Ao mundo, à superfície, chegou a imagem de um grupo unido e solidário, mas, agora que estão a salvo, os mineiros contam algumas versões diferentes e, apesar do pacto que terão feito, falam de divisões e discussões que terão chegado mesmo ao ponto do confronto físico, além do medo inconfessado, de canibalismo, nos 17 dias em que todos pensavam que eles estivessem mortos.
Ainda na cama do hospital de Copiapó, o chefe de turno dos mineiros, Luis Urzúa, conta que o secreto para manter a união entre os 33 homens foi a democracia: “Tudo era submetido a votação Éramos 33, portanto 16 mais um era uma maioria.”
Mas à medida que os mineiros vão contando as suas versões dos mais de dois meses em reclusão, o cenário de união, louvado tantas vezes pelas autoridades chilenas, começa a cair por terra.
Em entrevista ao britânico The Guardian, Richard Villaroel recorda os 17 primeiros dias, antes de terem sido localizados. O mecânico, de 23 anos, conta que o clima dentro da mina começou por ser de desespero e desunião, naqueles dias em que acreditaram que iam morrer ali fechados, à fome.
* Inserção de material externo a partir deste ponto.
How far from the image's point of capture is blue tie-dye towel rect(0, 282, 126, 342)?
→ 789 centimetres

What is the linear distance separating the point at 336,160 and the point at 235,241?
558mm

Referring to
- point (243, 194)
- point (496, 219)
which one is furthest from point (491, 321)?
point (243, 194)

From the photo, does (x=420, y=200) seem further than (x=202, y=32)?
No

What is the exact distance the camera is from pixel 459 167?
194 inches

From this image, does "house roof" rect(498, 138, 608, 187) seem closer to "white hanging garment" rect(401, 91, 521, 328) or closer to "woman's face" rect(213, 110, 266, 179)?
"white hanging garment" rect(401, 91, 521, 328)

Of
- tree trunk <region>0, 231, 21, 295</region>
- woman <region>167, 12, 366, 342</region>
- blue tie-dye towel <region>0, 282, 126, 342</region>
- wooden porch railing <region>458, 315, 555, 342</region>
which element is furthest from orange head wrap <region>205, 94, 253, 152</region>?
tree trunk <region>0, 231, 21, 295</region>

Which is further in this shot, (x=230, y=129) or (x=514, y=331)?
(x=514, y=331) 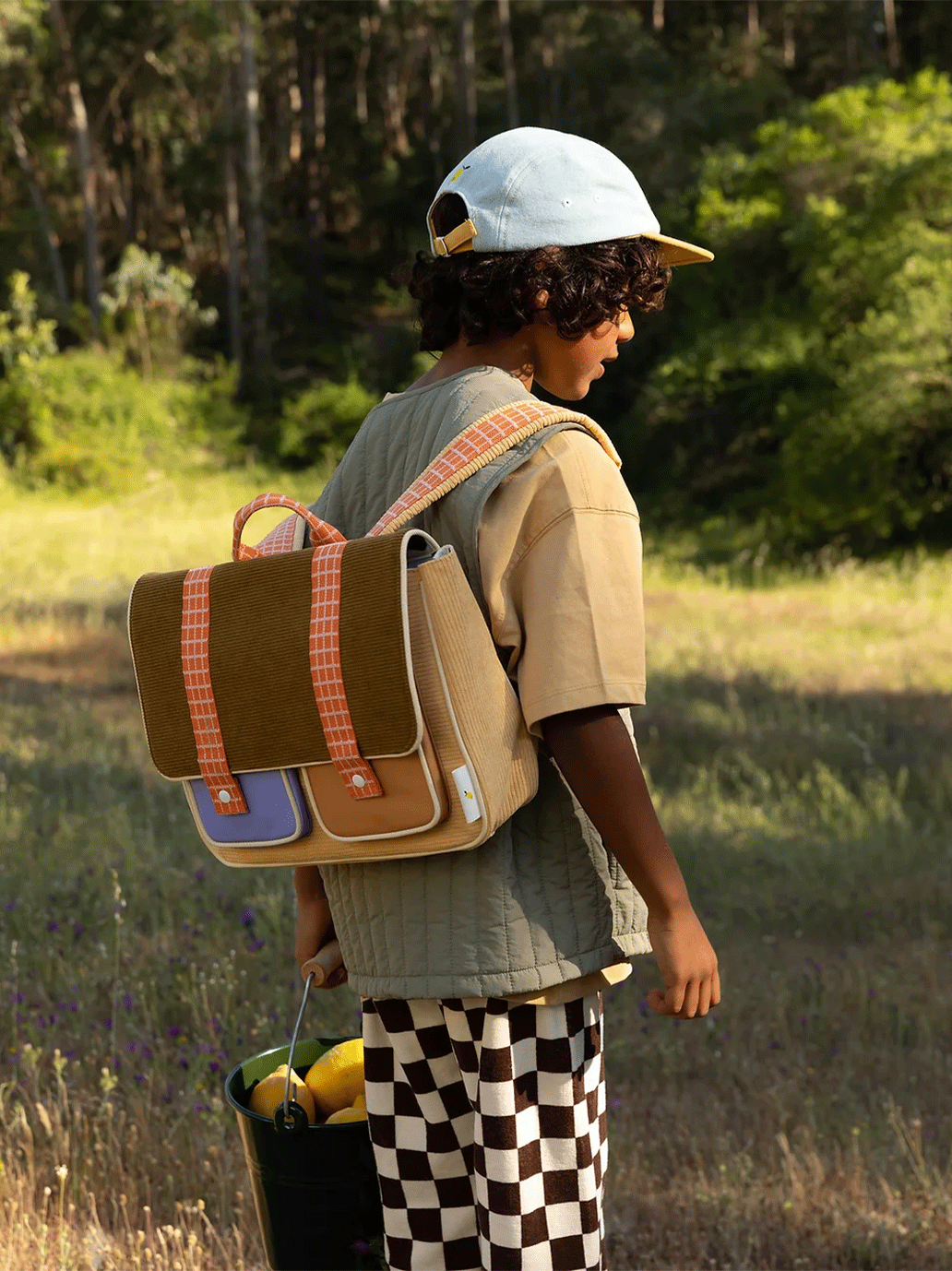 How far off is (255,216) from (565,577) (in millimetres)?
34477

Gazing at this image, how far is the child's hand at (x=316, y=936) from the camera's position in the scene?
2133 millimetres

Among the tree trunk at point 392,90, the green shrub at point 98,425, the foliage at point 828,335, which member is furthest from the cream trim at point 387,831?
the tree trunk at point 392,90

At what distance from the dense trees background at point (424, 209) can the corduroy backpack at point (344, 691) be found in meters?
16.5

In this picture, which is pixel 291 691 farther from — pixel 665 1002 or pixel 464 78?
pixel 464 78

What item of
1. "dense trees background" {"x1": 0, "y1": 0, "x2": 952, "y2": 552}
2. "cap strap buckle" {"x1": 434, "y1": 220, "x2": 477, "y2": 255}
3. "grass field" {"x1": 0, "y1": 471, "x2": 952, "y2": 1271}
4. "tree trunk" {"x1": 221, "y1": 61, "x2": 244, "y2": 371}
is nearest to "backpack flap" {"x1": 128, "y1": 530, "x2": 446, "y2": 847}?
"cap strap buckle" {"x1": 434, "y1": 220, "x2": 477, "y2": 255}

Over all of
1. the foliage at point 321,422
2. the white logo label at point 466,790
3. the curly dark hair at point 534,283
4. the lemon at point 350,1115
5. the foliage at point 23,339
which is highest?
the curly dark hair at point 534,283

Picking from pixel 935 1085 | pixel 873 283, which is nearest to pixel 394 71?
pixel 873 283

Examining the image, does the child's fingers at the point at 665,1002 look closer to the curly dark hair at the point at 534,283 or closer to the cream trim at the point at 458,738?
the cream trim at the point at 458,738

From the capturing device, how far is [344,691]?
65.8 inches

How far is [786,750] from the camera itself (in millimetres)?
7840

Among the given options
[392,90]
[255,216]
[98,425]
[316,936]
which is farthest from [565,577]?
[392,90]

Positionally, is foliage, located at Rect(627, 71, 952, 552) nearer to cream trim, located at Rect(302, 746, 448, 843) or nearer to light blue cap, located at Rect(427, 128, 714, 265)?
light blue cap, located at Rect(427, 128, 714, 265)

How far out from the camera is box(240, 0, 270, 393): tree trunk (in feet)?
107

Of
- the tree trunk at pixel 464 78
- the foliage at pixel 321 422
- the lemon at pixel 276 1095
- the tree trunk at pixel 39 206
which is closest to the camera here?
the lemon at pixel 276 1095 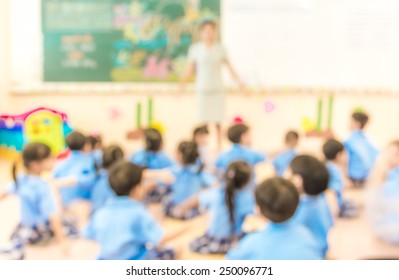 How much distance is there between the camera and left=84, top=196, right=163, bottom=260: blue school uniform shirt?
5.90 ft

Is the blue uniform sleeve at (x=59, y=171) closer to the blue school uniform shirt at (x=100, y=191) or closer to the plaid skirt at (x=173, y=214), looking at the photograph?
the blue school uniform shirt at (x=100, y=191)

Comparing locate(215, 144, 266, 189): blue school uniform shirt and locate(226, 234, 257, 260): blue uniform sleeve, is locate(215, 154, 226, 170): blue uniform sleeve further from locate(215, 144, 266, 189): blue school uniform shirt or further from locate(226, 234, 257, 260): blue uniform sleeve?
locate(226, 234, 257, 260): blue uniform sleeve

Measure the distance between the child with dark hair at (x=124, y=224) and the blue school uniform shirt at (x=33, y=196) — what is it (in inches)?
16.4

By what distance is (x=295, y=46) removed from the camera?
14.0 feet

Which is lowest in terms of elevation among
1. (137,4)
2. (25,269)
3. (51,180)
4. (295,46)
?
(51,180)

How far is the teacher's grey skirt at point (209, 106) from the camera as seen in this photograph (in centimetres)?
388

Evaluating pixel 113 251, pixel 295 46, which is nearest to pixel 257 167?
pixel 295 46

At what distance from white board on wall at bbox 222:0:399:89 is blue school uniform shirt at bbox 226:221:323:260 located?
9.75 ft

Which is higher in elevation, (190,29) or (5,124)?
(190,29)

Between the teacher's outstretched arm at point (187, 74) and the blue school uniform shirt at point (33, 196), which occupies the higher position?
the teacher's outstretched arm at point (187, 74)

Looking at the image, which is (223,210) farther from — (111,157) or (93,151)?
(93,151)

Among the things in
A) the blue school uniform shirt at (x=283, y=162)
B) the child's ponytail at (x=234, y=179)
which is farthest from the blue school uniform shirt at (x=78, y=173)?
the blue school uniform shirt at (x=283, y=162)

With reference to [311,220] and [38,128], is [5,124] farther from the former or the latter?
[311,220]

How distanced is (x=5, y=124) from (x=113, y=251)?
2.59 meters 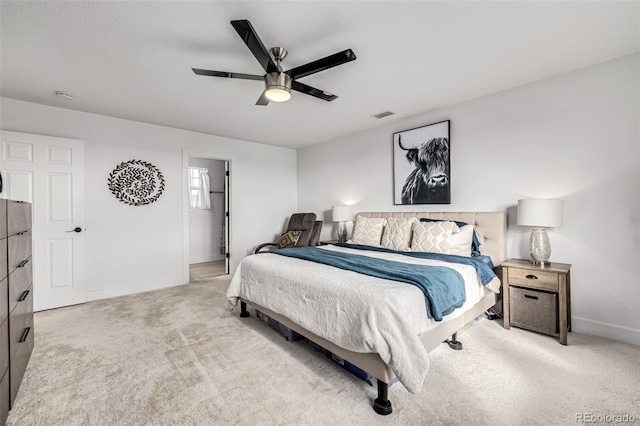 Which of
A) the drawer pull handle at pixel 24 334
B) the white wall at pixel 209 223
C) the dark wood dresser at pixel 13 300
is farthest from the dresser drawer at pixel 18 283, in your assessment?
the white wall at pixel 209 223

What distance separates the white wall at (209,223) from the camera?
247 inches

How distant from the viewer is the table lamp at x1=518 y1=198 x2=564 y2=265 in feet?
8.18

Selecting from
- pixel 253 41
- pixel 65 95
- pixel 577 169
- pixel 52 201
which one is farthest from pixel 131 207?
pixel 577 169

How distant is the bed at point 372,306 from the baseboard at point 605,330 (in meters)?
0.71

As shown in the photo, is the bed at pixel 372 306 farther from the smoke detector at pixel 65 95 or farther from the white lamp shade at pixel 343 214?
the smoke detector at pixel 65 95

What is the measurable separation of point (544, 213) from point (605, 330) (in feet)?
3.84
Alguns homens, relata, deitaram-se e recusavam-se a levantar-se.
Durante os primeiros 17 dias, a alimentação de cada um foi o equivalente a uma colher de atum ou salmão, uma vez em cada 24 horas. Villaroel perdeu 12 quilos. “O meu corpo comia-se a ele próprio”. Mas chegaram a temer o canibalismo? O mineiro fez uma pausa: “Na altura ninguém falou sobre isso. Mas depois tornou-se uma piada, mas só depois de nos terem encontrado”.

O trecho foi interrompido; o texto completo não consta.